> _WORK ITEM_
Return, word for word, the lines of the listing below from the one with "Notre Dame Fighting" through the one with "Girls UK Size", and no other lines.

> _THE INPUT_
+++

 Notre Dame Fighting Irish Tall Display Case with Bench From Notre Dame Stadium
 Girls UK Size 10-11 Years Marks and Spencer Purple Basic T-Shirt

+++

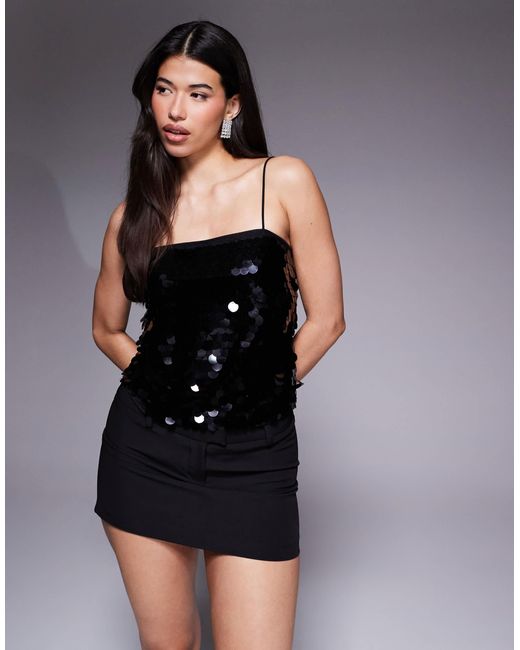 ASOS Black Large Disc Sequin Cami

+++

> _EXERCISE OUTPUT_
 Notre Dame Fighting Irish Tall Display Case with Bench From Notre Dame Stadium
 Girls UK Size 10-11 Years Marks and Spencer Purple Basic T-Shirt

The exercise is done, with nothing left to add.